Tuesday

Feb. 7, 2012


The Old Age of Nostalgia

by Mark Strand

Those hours given over to basking in the glow of an imagined
future, of being carried away in streams of promise by a love or
a passion so strong that one felt altered forever and convinced
that even the smallest particle of the surrounding world was
charged with purpose of impossible grandeur; ah, yes, and
one would look up into the trees and be thrilled by the wind-
loosened river of pale, gold foliage cascading down and by the
high, melodious singing of countless birds; those moments, so
many and so long ago, still come back, but briefly, like fireflies
in the perfumed heat of summer night.

"The Old Age of Nostalgia" by Mark Strand, from Almost Invisible. © Alfred A. Knopf, 2012. Reprinted with permission. (buy now)

It's the birthday of Sinclair Lewis (books by this author), born in Sauk Centre, Minnesota (1885), author of Main Street (1920)and Babbitt (1922), and the first American to win the Nobel Prize in literature.

He left his hometown in Minnesota as soon as he could. He worked for newspapers and for publishing companies, wrote short stories for magazines, and wrote some potboiler novels and even a few serious novels, but none of his books did very well.

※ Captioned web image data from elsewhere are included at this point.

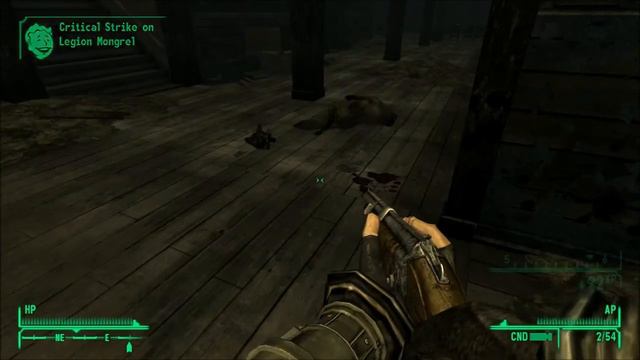 Fallout New Vegas PSR part 15: Always look on the bright side of life смотреть онлайн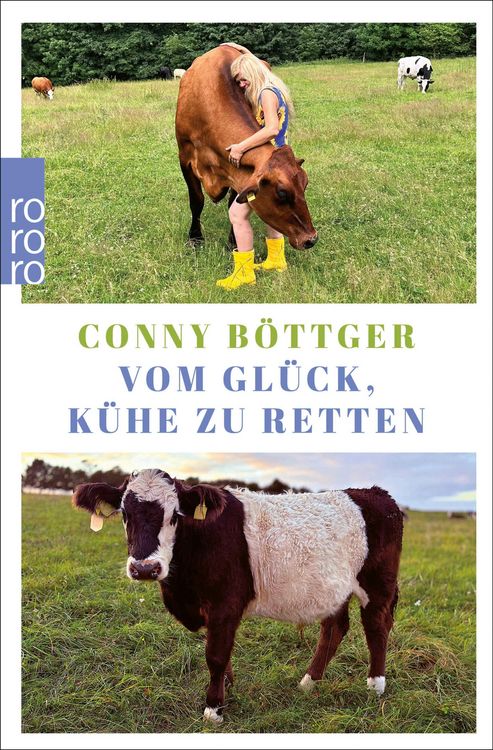 Produktbild: Vom Gl&uuml;ck, K&uuml;he zu retten
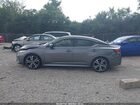 2021 Nissan Sentra Sr Xtronic Cvt Gray vin: 3N1AB8DVXMY271729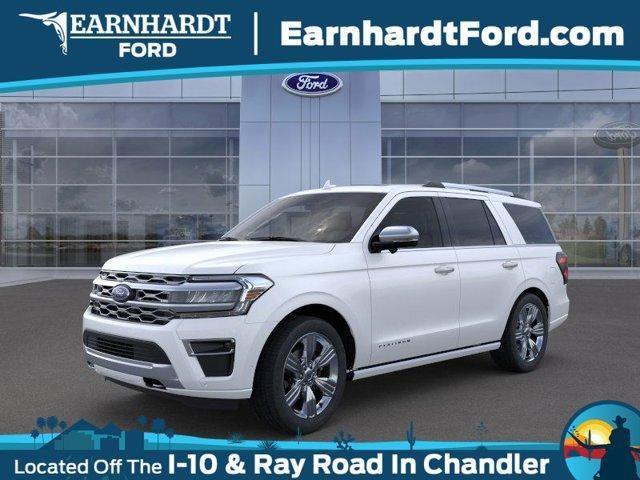 new 2024 Ford Expedition car, priced at $84,535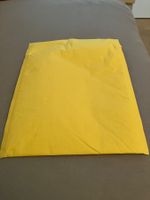 15 Luftpolster Versandtaschen gross, col. gelb, neu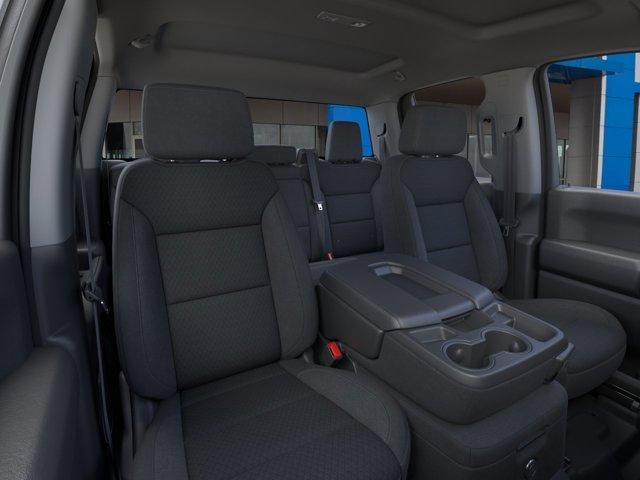 new 2026 Chevrolet Silverado 1500 car, priced at $39,110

In 1920, H.L. Mencken and George Jean Nathan, who were editing the satirical magazine American Mercury, met up with 35-year-old "tall, skinny, paprika-headed" Sinclair Lewis, who was unknown in the writing world, at a mutual friend's apartment. Lewis walked up to Mencken and Nathan, put his arms around their shoulders and tightly around their necks, and began yelling at the top of his voice that he was the best writer in the country and that he'd just written the best book in the country, to be published in a week — and being critics, the two of them should duly take note of this. He went on like this at high volume for about half an hour, and when Mencken and Nathan finally escaped, they went to a pub to decompress and concluded that he was an idiot. But Mencken read the book anyway, and was bowled over by it.

The book was Main Street (1920), about a fictional small town in Minnesota called Gopher Prairie, a place inhabited by "a savorless people, gulping tasteless food, and sitting afterward, coatless and thoughtless, in rocking-chairs prickly with inane decorations, listening to mechanical music, saying mechanical things about the excellence of Ford automobiles, and viewing themselves as the greatest race in the world."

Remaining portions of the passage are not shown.